Мизрахи (досл. – «восточный»), стиль народной популярной музыки Ближнего Востока со специфической зажигательной мелодикой, любимый, главным образом, выходцами из Ирака, Сирии, Йемена и стран Северной Африки.

«В своей жизни ты когда-то опоздал с приездом, а теперь я опоздал с прибытием к твоей смерти».

Оборот בחייך в повседневной жизни переводится как «Ты в самом деле…», однако здесь нам показался более уместным дословный перевод: «Ты в своей жизни».

«Счет стремится к нулю, но даже нуля он не достигнет, не прибудет к нему. И на самом деле этого уже не требуется. Я освобождаю тебя от всех обетов, от всех запретов и от всех отговорок».

Фраза «Счет стремится к нулю, но его не достигнет» имеет перекличку со стихотворением «Провал» из сборника «Синонимы» (1982).

 Тот один,
 кто сто лет назад провалил
 экзамен по арифметике
 и боится вернуться домой,
 из мела лицо, глаза из чернил.
 заперт за скобами

 тетрадных листов
 истекает кровью ошибок.
 Уже сотню раз написал, в наказанье,
 верный ответ на доске.

 он уже знает, что к бесконечности
 стремится дробь – единица на ноль.
 Кол в дневнике до сих пор.
 Между партами,
 перед пятнами на карте мира настенной

 спрятался, чтоб только солнце
 не воскресило его.
 Но даже если вернется в мир лжи,

 арифметику эту он уже не забудет,
 как помнил ее все годы смерти своей
 и до этого мига. 

1984

«Твоя могила внезапно появляется передо мной, как будто была там все время, и твое имя – с высеченной на ней традиционной формулой «Пусть душа твоя будет увязана в узел жизни».

Источник цитаты: 1 книга Царств (Шмуэля) 25:29. Образ связки, узла жизни ((צרור החיים, очень важный для Дана Пагиса, повторяется в нескольких отрывках «Папы»: это и надпись на надгробии, и пачка документов, в которых автор надеется найти что-то новое о своих родителях, и пучок гвоздик – везде употребляется слово צרור, «узел, связка»

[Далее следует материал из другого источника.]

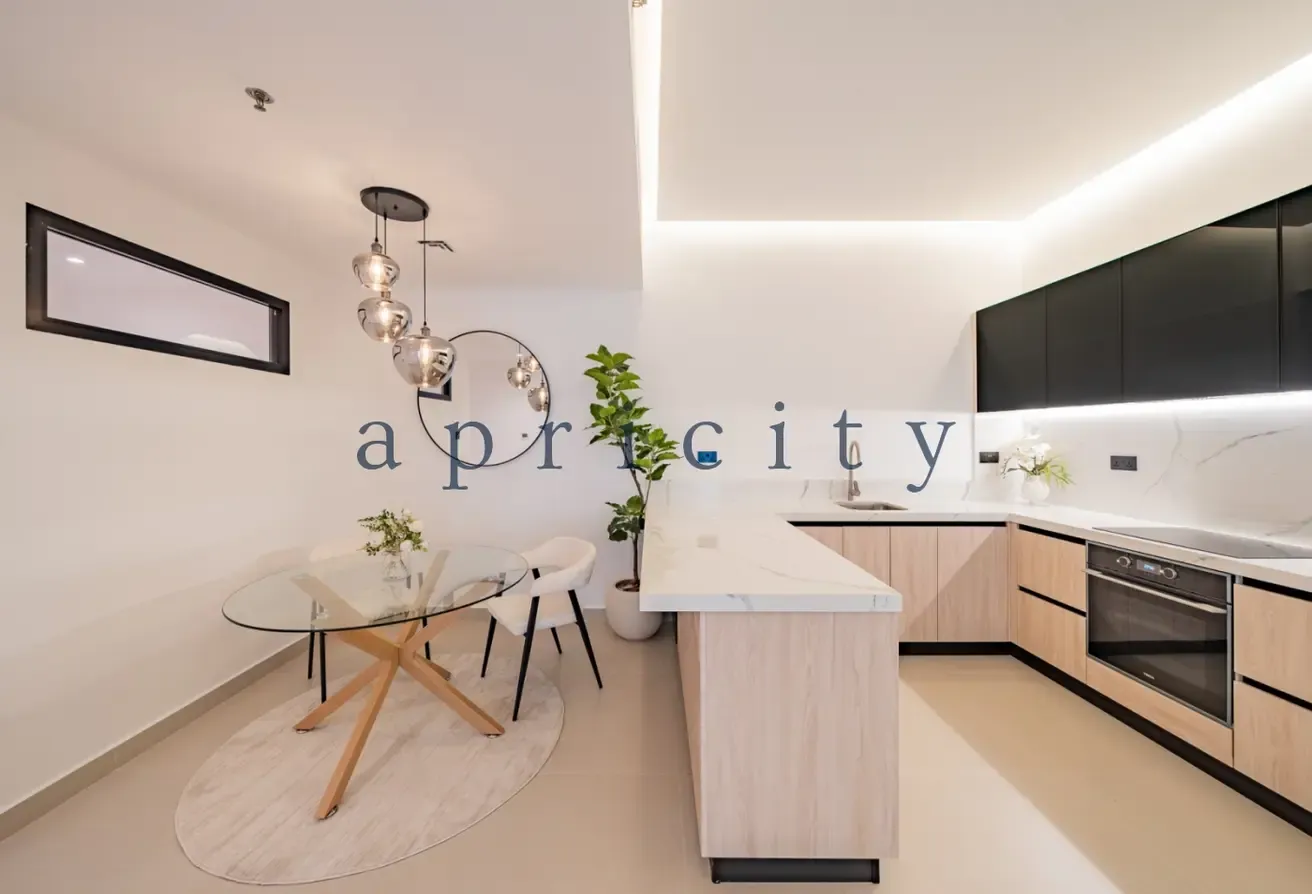 Exclusive | Newly Renovated | Vacant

Ярче всего этот образ звучит в стихотворении «Следы», написанном, согласно интерпретации Ханана Хэвэра, от лица ангела, который свидетельствует о происходящем в концлагере (стихотворение, которое сам Дан Пагис считал одним из наиболее значимых). Вот его фрагмент:

 Против воли,
 я нашел свое продолжение в этом 
 облаке: трепещущем, сером,
 на горизонте пытаясь забыть,
 горизонт отступает
  
 стук зубов
 упорного града:
 крупинки беженцы толкаются в спешке
 к гибели
  
 В другом секторе
 облака, что еще не опознаны.
 Прожекторы ставят
 большие кресты света на жертве.
 Разгрузка вагонов.
  
 После разлетаются буквы 
 за летящими буквами в спешке
 грязь, она гасит, скрывает на какое-то время
  
 Правда, я был ошибкой, забытый
 в запечатанном этом вагоне, мое тело
 в узле жизни. Я связан. 

«Я наклоняю голову, прикрывая страницы от солнца, и обнаруживаю: справа от кадиша сироты, прямо на предыдущей странице, напечатано благословение луны».

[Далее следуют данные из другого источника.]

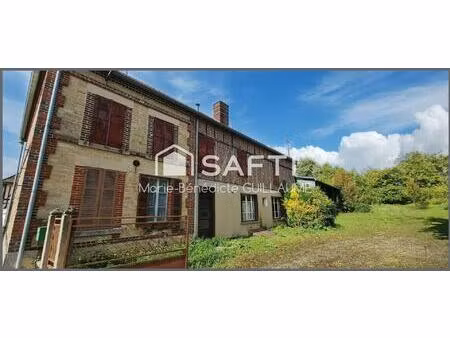 maison ancienne et ses nombreuses dépendances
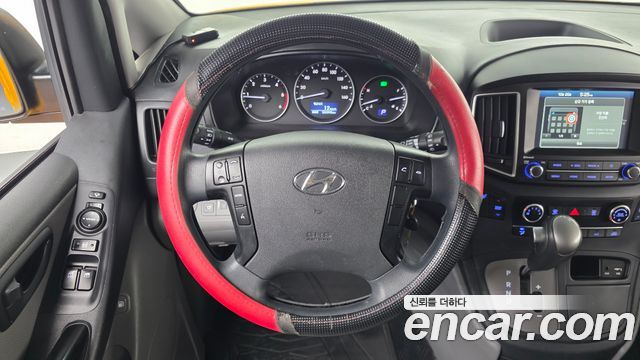 Hyundai Starex 2020 — photo 19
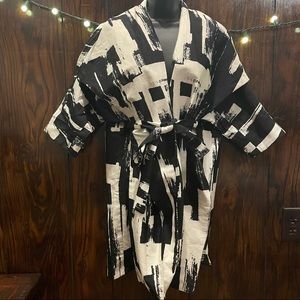 🔆 Black & white luxury belted coat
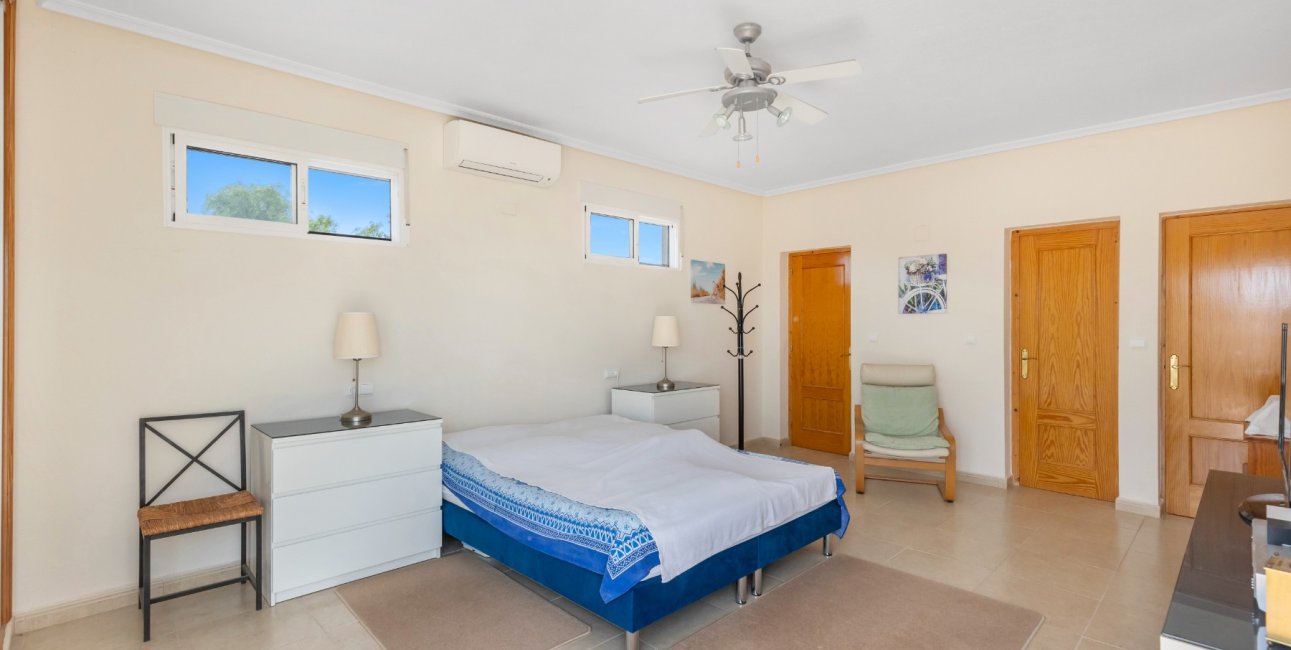 Reventa - Villa -
San Isidro - San Fulgencio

Благословение или освящение луны – молитва, произносимая при виде луны после новолуния (обычно на исходе субботы), а также по окончании поста 9 авва.

Письма

«Когда я приехал в Тель-Авив и попробовал, дверь открылась тотчас, будто по волшебству, и я проскользнул внутрь. Вор в подкопе».

Цитата из книги Исход (Шемот) 22:2: «Если кто застанет вора подкапывающего и ударит его, так что он умрет, то кровь не вменится ему».

[Ребенок правда твой]

Пометки на полях фрагмента свидетельствуют о том, что он не был завершен (ХХ и ТК)

[1985. В венской библиотеке]

«Это подшивка «Кибиц» с 1936 года. (…) Рисунки мальчиков и девочек из Австрии, Германии и Судетенланда с их адресами»

Kiebitz (нем.) – чибис. Судя по упоминанию Судетенланда, номер журнала, о котором идет речь, был издан после захвата Германией Судетской области Чехословакии в 1938 году.

Твое имя

«То, которое я дал тебе (хорошо, по сути это был не я, тетя Циля предложила его), это звенящее латинские имя, ты стер, приехав в Страну. Выбрал самое будничное: Дан».

Имя Дана Пагиса до репатриации – Северин.

[Боль и обида]

На полях рукописи написано: «Жалею, что меня захватил образ сети, и он путает, отклоняет от главного». После окончания фрагмента, на полях: «Кивнул головой в знак согласия» (ХХ и ТК).

Конец как будущее

«И я процитирую тебе чужие стихи о чужом кладбище, которые мне тоже близки, не постесняюсь и процитирую тебе слова стихотворения: «Поднимается ветер, нужно пробовать жить».

«Поднимается ветер, нужно пробовать жить» – цитата из последней строфы стихотворения Поля Валери «Кладбище у моря».

«Дух с духом, ветер со встречным ветром смешаются у нас на глазах, поднимая маленький вихрь игры. Занавески за нами наполнятся, станут широкими парусами, но это только игра, мы никуда не поплывем, мы ведь уже приплыли, правда? И ты кивнешь в знак согласия».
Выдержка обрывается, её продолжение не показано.